Mobile Phones and Fashion
February 3rd, 2007

While dropping by a Brooklyn Cafe my eyes glanced on a copy of Saturday’s New York Times Technology section with an article about Cellphone Envy Lays Motorola Low ; the article has a interesting finding - the cellphone business has more in common with the fashion business than the technology/gadget business. According to the New York Times article:

Today, a phone’s value reflects not so much what it can do, but whether it is the envy of friends and colleagues.

“..When the sleek Motorola Razr V3 cellphone first hit the stores just over two years ago, it carried the price tag of a must-have status symbol: $500. Now? About $30 with a two-year service contract.

Motorola’s fortunes have plunged along with the price of its Razr. Its profits have collapsed, and it announced plans last month to lay off 3,500 workers. Since last October, its stock has dropped 30 percent….”

“….Just like fashion houses that shamelessly copy each other’s styles, rivals have also swarmed to duplicate the Razr mystique, flooding the market with thin-phone clones. Last year, Samsung unveiled the 6.9-millimeter-thick SGH-X820, which analysts called the ‘Slvr-kllr’ because it is 40 percent thinner than Motorola’s skinniest handset”.

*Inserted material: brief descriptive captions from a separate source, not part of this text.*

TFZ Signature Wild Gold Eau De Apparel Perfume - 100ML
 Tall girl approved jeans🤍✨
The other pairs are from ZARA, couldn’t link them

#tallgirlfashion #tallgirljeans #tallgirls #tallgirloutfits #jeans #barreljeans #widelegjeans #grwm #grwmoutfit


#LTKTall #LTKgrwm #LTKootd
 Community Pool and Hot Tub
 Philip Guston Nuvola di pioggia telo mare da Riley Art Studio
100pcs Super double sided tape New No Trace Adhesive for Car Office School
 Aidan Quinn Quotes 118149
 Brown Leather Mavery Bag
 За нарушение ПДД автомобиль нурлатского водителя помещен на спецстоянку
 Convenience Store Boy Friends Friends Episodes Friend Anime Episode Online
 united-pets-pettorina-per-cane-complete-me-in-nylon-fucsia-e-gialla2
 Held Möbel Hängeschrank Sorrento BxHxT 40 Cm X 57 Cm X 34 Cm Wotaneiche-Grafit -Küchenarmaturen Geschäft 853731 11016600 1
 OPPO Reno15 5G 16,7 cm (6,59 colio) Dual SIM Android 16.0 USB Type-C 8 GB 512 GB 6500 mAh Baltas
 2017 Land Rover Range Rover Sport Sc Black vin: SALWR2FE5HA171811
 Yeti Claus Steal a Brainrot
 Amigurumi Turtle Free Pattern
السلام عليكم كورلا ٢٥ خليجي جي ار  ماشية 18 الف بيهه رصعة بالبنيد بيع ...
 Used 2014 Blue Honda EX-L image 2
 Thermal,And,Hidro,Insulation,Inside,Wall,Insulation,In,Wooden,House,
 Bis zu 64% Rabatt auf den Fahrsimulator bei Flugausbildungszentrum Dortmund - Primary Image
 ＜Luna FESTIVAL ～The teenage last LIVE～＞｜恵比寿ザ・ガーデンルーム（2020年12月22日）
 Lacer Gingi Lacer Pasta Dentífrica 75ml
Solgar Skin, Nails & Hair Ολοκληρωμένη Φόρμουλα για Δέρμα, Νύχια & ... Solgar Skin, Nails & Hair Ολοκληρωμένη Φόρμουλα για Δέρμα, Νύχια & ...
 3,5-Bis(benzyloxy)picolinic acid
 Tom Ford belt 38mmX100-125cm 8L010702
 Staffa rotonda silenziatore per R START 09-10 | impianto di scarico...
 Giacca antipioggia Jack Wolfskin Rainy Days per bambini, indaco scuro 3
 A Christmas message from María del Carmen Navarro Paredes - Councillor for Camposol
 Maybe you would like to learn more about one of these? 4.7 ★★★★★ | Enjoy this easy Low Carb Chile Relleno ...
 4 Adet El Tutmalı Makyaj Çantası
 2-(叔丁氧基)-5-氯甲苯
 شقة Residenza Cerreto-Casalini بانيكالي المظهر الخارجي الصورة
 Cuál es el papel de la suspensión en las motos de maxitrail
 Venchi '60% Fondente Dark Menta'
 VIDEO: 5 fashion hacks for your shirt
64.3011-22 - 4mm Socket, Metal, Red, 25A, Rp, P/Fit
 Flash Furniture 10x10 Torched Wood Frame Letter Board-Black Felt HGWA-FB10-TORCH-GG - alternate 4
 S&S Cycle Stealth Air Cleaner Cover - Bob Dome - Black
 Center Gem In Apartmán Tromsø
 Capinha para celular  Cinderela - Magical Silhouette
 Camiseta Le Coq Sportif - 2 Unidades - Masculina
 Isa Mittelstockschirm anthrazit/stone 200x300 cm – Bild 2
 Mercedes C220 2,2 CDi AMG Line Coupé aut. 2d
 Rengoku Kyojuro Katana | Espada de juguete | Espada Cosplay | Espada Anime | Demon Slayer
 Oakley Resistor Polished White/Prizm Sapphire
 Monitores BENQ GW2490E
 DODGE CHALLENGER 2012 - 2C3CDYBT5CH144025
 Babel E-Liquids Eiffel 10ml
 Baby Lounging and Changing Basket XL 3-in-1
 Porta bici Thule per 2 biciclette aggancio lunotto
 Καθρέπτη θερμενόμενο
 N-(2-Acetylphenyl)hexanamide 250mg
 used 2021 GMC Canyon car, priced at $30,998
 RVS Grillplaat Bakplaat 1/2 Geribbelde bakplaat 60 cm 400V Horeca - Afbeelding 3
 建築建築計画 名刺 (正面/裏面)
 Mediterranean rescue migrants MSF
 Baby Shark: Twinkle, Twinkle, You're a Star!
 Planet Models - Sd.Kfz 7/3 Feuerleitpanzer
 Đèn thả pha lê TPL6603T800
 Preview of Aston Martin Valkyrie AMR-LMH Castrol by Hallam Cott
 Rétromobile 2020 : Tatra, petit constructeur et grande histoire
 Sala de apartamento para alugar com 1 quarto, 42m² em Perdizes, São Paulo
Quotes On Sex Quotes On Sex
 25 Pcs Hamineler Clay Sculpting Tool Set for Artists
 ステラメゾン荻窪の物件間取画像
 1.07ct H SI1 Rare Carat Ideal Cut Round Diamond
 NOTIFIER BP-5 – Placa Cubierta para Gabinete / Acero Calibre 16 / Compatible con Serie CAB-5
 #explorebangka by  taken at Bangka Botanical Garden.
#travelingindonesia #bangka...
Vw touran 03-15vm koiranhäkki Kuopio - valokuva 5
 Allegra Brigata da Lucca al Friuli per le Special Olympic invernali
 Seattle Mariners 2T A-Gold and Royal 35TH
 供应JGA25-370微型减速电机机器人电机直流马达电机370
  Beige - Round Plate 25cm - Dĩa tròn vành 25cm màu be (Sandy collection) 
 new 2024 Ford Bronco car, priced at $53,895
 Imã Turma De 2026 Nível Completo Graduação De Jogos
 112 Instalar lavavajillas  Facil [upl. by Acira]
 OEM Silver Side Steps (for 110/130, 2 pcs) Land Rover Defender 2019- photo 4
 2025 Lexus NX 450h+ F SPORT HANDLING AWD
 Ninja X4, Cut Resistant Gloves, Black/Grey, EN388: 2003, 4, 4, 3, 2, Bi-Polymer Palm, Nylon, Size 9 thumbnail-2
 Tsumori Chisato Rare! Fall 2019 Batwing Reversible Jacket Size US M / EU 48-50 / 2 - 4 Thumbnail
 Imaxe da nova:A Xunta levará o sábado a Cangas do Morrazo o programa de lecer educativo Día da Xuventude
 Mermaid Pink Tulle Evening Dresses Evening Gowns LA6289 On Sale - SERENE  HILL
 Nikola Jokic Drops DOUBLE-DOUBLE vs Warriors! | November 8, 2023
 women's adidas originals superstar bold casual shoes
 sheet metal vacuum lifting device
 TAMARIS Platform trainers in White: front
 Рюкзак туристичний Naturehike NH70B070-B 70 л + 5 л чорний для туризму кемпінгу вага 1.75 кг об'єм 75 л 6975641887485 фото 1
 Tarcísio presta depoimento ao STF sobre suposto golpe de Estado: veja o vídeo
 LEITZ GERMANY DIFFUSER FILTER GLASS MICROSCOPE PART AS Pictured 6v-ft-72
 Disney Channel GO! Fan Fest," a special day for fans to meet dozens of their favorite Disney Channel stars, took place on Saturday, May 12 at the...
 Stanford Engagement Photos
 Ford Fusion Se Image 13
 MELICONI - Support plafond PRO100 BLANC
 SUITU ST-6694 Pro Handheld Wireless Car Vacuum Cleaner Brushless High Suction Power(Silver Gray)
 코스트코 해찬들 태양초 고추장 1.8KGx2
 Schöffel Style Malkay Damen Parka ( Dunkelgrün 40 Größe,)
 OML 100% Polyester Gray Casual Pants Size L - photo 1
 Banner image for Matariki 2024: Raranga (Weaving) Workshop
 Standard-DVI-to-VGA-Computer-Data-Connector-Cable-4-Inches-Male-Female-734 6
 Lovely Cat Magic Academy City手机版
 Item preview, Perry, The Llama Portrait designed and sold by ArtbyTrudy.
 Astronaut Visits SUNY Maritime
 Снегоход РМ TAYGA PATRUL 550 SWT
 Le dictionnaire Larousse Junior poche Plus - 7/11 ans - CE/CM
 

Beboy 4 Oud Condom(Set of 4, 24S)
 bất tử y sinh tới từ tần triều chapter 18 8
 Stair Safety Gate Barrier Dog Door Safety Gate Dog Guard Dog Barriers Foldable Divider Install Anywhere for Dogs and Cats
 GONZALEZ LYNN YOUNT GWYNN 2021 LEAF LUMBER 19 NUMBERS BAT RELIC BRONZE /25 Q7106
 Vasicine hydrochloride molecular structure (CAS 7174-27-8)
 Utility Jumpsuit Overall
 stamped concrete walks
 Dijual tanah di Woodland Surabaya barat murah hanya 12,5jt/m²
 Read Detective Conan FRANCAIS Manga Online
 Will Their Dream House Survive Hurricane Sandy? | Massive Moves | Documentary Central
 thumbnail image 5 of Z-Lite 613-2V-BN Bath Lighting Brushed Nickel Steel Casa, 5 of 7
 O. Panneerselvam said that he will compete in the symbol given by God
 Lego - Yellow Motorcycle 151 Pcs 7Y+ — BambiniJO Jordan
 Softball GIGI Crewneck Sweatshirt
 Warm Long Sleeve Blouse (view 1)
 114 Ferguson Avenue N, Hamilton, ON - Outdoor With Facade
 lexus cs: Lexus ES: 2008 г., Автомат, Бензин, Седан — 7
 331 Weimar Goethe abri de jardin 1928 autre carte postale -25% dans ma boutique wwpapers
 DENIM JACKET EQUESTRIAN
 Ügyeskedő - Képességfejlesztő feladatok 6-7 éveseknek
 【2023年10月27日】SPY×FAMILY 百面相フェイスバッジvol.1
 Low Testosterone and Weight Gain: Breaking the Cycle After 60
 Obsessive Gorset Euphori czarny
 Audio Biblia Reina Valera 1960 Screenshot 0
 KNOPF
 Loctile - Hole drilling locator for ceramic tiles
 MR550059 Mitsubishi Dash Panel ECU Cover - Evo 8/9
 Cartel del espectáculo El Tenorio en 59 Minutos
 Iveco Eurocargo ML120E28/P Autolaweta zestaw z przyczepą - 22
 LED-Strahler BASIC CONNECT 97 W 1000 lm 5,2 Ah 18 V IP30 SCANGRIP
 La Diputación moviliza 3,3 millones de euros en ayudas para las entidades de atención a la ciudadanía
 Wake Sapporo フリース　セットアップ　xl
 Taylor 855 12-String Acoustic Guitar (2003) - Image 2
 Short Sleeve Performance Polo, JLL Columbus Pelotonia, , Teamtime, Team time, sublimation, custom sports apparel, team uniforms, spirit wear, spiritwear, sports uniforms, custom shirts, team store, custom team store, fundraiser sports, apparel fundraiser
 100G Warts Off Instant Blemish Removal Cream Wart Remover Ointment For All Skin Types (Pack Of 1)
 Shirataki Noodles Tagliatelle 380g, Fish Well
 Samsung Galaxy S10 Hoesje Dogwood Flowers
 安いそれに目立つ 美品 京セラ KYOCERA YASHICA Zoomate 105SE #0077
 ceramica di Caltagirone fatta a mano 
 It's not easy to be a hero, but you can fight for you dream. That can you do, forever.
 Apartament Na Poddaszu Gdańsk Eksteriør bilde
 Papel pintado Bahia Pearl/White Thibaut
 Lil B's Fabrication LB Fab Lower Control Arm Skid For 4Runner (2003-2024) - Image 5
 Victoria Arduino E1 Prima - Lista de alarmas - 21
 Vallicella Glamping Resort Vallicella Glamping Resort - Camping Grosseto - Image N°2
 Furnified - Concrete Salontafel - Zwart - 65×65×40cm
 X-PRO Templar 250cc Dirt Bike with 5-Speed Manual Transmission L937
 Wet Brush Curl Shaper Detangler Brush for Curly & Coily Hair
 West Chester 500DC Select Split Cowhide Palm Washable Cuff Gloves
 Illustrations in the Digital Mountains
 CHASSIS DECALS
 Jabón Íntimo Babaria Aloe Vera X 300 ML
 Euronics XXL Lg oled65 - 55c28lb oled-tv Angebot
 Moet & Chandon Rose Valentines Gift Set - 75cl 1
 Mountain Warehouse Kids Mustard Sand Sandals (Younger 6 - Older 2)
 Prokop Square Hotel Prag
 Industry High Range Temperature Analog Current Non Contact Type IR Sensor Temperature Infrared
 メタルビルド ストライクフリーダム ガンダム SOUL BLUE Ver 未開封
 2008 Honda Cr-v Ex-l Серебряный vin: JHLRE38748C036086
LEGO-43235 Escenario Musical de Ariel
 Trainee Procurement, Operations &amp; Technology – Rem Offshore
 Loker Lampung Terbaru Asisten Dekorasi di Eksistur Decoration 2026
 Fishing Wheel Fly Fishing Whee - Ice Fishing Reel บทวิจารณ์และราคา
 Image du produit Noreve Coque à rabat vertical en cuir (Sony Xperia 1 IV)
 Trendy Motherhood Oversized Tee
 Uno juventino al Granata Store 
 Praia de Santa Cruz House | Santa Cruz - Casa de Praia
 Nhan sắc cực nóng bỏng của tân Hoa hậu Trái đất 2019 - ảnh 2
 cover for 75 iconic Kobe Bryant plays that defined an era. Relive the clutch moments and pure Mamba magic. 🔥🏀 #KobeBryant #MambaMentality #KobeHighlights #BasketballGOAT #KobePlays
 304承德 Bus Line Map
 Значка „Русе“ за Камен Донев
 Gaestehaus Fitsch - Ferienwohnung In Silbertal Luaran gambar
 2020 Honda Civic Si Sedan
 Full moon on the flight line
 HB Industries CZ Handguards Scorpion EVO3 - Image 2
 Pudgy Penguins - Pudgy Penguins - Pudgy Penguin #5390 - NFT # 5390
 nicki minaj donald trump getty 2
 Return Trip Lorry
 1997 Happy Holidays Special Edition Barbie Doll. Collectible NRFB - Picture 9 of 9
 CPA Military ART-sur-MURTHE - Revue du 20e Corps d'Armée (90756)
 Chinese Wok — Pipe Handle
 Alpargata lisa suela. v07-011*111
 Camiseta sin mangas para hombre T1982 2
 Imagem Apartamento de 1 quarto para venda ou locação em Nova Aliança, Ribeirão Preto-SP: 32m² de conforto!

However, it’s less and less likely that consumers want to spend several hundred dollars on a new cellphone:

“….The larger question is whether the cost-conscious majority will still pay the kind of prices for phones that once burnished Motorola’s profits. Most consumers are now on their fourth or fifth cellphone, and implicitly understand that technology is quickly improving and wireless carriers are constantly slashing prices.”